In regard to this, it's all about terminal and instrumental values. Say I want to eat some pie. There are no specialist bakeries nearby and I don't have the patience to bake one myself right now, so I must deign to visit the supermarket to buy one of theirs. In a simplified decision map, I'll just say this as:
Step 1: Get to store.
Step 2: Buy pie.
Step 3: Eat pie.
Bob's your uncle.
But again, this is incredibly simplistic. For example, how did I get to the store? Did I take my car, did I take my bike, did I inflate the tires on my old bicycle and pedal that over? To any of those, I'll need to accomplish still more steps, the first of which is getting off my lazy bum. But say I took my car. What if, instead of opening the car door like a normal person, I took the thing off with a jackhammer? Well, the utility of that bloody well negative! Negative enough to make the trip to the store for my pie worthwhile? I may **** well want a pie, but I'm going to say probably not. Almost surely not.

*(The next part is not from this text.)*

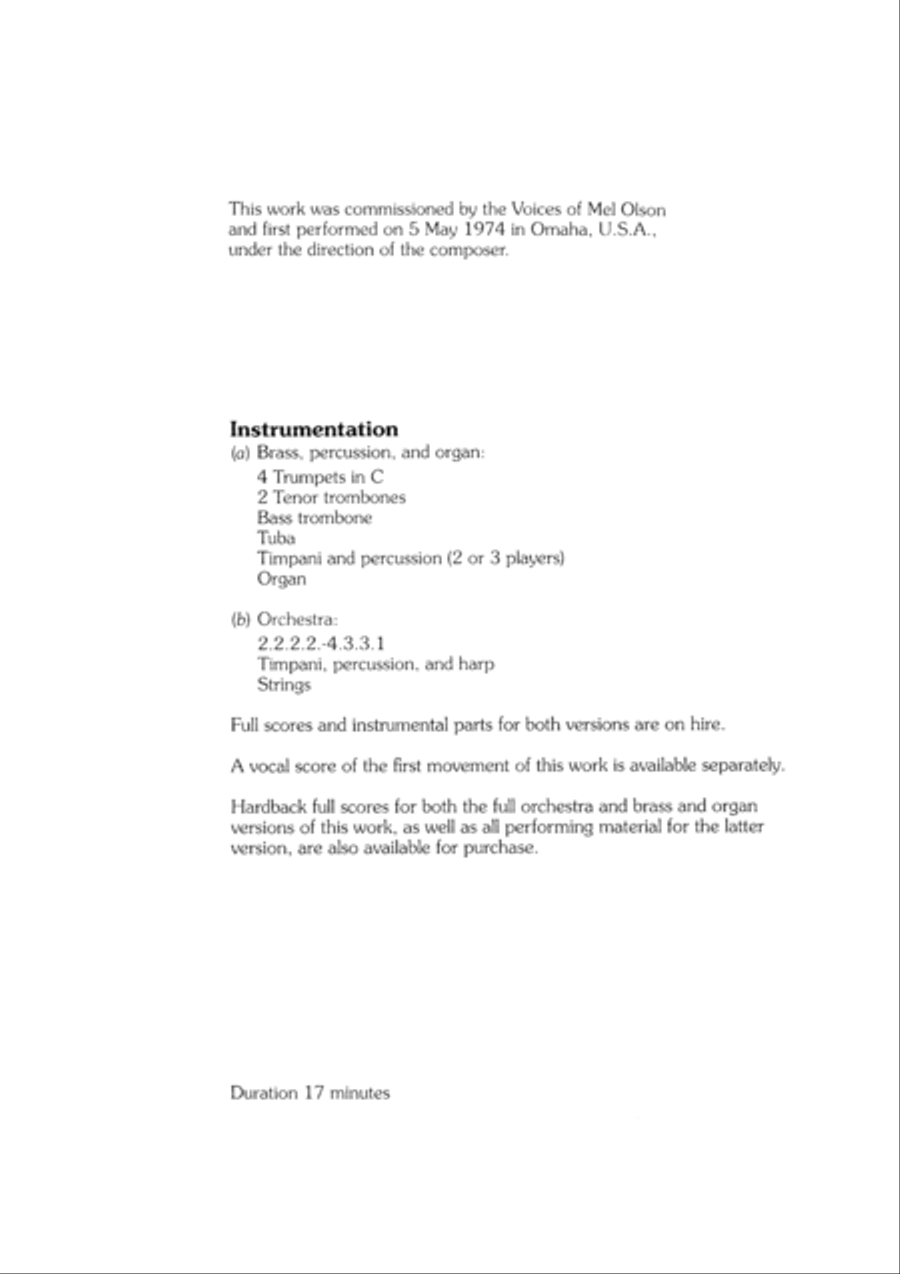 Gloria Choir scores gallery preview page 2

Well, how about eating? The steps in that? Getting food and eating it, with the getting portion detailing the methods in which it's procured, prepared, and delivered, because I'm lazy and don't feel like enumerating more steps. Anyway... Yeah. Method of procurement. You're obviously going to hurt some animals, no matter what you do. Even if you have a little garden in your yard, whatever would have eaten those tomatoes is being screwed over because you're eating them instead. The question is whether you value your satisfaction above theirs. The answer is likely going to be an unequivocal yes, the exception of which would be PETA-sponsored animal terrorists, or something.

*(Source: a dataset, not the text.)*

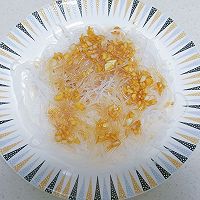 #米饭最强CP#蒜蓉粉丝蒸丝瓜的做法图解6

But that doesn't mean that it's not wrong to deny others existence and sustenance so that you can fulfill both of those yourself. It's bad to hurt things. Always bad. It's really a simple concept. It's one you could be told about by a five-year-old. All that matters is whether you value whatever your terminal value is more than the sum of the instrumental ones. Do I want to live? Well, yes. I want to live more than I want the things feeding me to live, and if you're reading this, you probably do, too. I do wish they wouldn't have to die, though. But meh.
I only blabbed about food because that's the only gray area within the sphere of discourse I can imagine at the moment. Everyone knows that if you abuse a creature for no reason other than your own sadistic whims, you're so ****ed in the head your frontal lobe must resemble a knob-end, and you probably shouldn't play any Pokémon games. That and how draft animals are only being abused if they're explicitly being abused.